# Just ordered a CW9 for carry...bad idea?



## gr8johnson (Aug 23, 2007)

I just placed an ordered for a CW9 and a couple of mags. I know there is a 250 and 300 rd break in period. Is this gun reliable enough for a carry weapon or not. Should I cancel that order or what. What do the Kahr owners say? I have an XD9 service with a grip chop but it is just too big for everyday carry. I read a lot and it seems there is quite a bit of bad stuff said about this gun.


----------



## vburke (Jan 28, 2008)

I have a CW9 and carry it mostly in the summer. If it works well after 200-300 break in rounds you should have no problems. If a kahr is going to have trouble it is mostly before the break in period.

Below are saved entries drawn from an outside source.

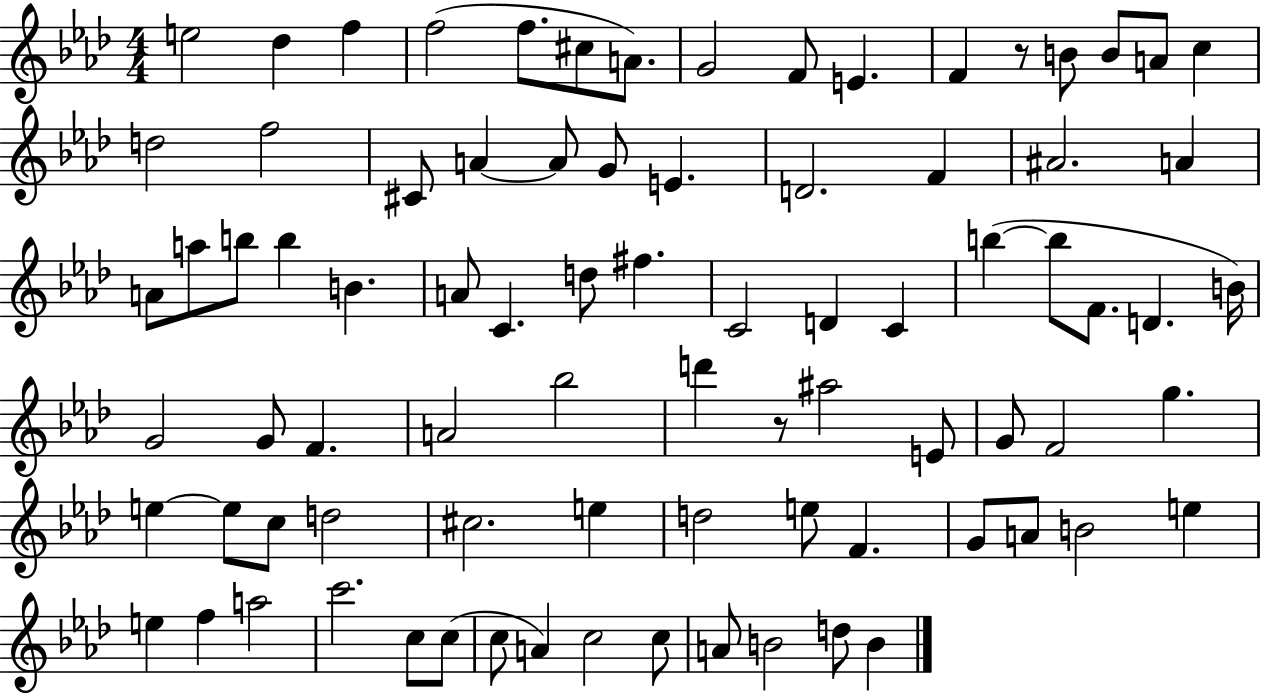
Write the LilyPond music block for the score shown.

{
  \clef treble
  \numericTimeSignature
  \time 4/4
  \key aes \major
  e''2 des''4 f''4 | f''2( f''8. cis''8 a'8.) | g'2 f'8 e'4. | f'4 r8 b'8 b'8 a'8 c''4 | \break d''2 f''2 | cis'8 a'4~~ a'8 g'8 e'4. | d'2. f'4 | ais'2. a'4 | \break a'8 a''8 b''8 b''4 b'4. | a'8 c'4. d''8 fis''4. | c'2 d'4 c'4 | b''4~(~ b''8 f'8. d'4. b'16) | \break g'2 g'8 f'4. | a'2 bes''2 | d'''4 r8 ais''2 e'8 | g'8 f'2 g''4. | \break e''4~~ e''8 c''8 d''2 | cis''2. e''4 | d''2 e''8 f'4. | g'8 a'8 b'2 e''4 | \break e''4 f''4 a''2 | c'''2. c''8 c''8( | c''8 a'4) c''2 c''8 | a'8 b'2 d''8 b'4 | \break \bar "|."
} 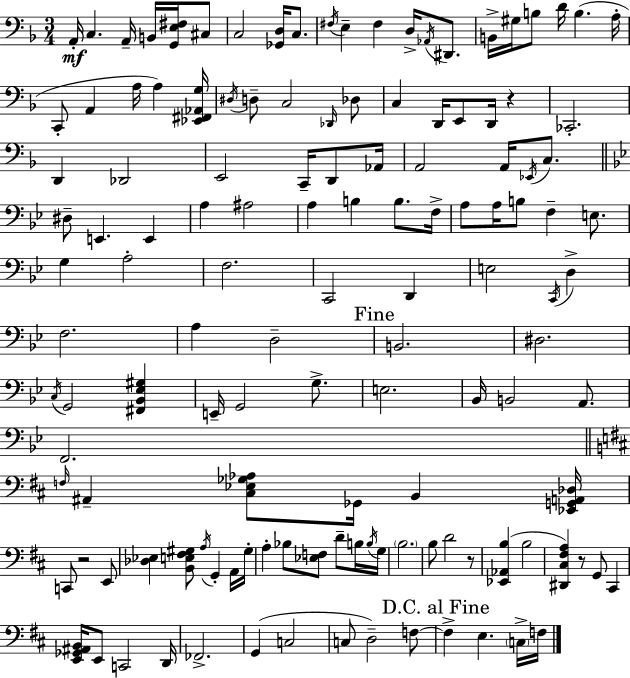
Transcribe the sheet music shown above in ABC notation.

X:1
T:Untitled
M:3/4
L:1/4
K:Dm
A,,/4 C, A,,/4 B,,/4 [G,,E,^F,]/4 ^C,/2 C,2 [_G,,D,]/4 C,/2 ^F,/4 E, ^F, D,/4 _A,,/4 ^D,,/2 B,,/4 ^G,/4 B,/2 D/4 B, A,/4 C,,/2 A,, A,/4 A, [_E,,^F,,_A,,G,]/4 ^D,/4 D,/2 C,2 _D,,/4 _D,/2 C, D,,/4 E,,/2 D,,/4 z _C,,2 D,, _D,,2 E,,2 C,,/4 D,,/2 _A,,/4 A,,2 A,,/4 _E,,/4 C,/2 ^D,/2 E,, E,, A, ^A,2 A, B, B,/2 F,/4 A,/2 A,/4 B,/2 F, E,/2 G, A,2 F,2 C,,2 D,, E,2 C,,/4 D, F,2 A, D,2 B,,2 ^D,2 C,/4 G,,2 [^F,,_B,,_E,^G,] E,,/4 G,,2 G,/2 E,2 _B,,/4 B,,2 A,,/2 F,,2 F,/4 ^A,, [^C,_E,_G,_A,]/2 _G,,/4 B,, [_E,,G,,A,,_D,]/4 C,,/2 z2 E,,/2 [_D,_E,] [B,,E,^F,^G,]/2 A,/4 G,, A,,/4 ^G,/4 A, _B,/2 [_E,F,]/2 D/2 B,/4 B,/4 G,/4 B,2 B,/2 D2 z/2 [_E,,_A,,B,] B,2 [^D,,^C,^F,A,] z/2 G,,/2 ^C,, [E,,_G,,^A,,B,,]/4 E,,/2 C,,2 D,,/4 _F,,2 G,, C,2 C,/2 D,2 F,/2 F, E, C,/4 F,/4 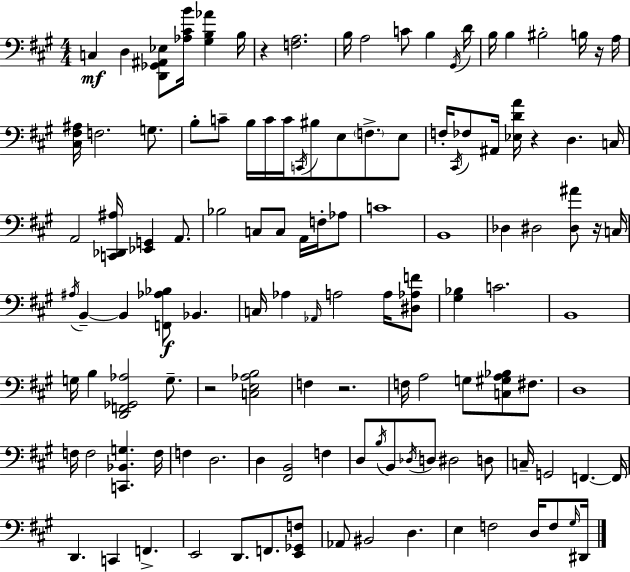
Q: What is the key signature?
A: A major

Mine works great and Kahr has one of the best customer services around.


----------



## neophyte (Aug 13, 2007)

*good deal*

gr8johnson: Sir; my shooting partner has one and I've really enjoyed shooting his.
Sir; they are a little stiff to begin with and the more you shoot:mrgreen:
the better it is. 
I regularly shoot my SW638 and can easily swap them.:smt033


----------



## cvillechopper (Jan 27, 2008)

I just took my new CW9 to the range this weekend and put 100 junk rounds through her, not a single problem. You can feel the gun getting settled in and it fits my hand just right. I'd say you have nothing to worry about.


----------



## Mike Barham (Mar 30, 2006)

I used to carry a K9. It was 100% reliable, though the metal framed Kahrs have a better reputation than the poly guns. Still, I think it's easily a good enough carry gun to see it through a 200-round break in.


----------



## vernpriest (Jan 15, 2008)

I have a CW9 that I have put well over 500 rounds through without a single hitch of any kind. I have shot everything from lead reloads to +P Gold Dots and it performs flawlessly. It was very stiff for the first couple of hundred rounds but it is very smooth now. Go to Kahr's website and look at some of the reviews from different reputable gun magazines. My experience with the CW9 matched all the hype I read about it from reputable sources. I think you'll be very happy with it.


----------



## 3putter (Dec 29, 2007)

Get the gun and don't worry about it. Some do require a break in period (mine was about 300 rounds) before they can be 100% trusted. After that mine has been totally reliable and a great carry gun when small lightweight is required. I carry Speer Gold Dot 124gr. SB and it has not failed in any way even once. It shoots POI at 15 yards every time. That's good enough for self defence.


----------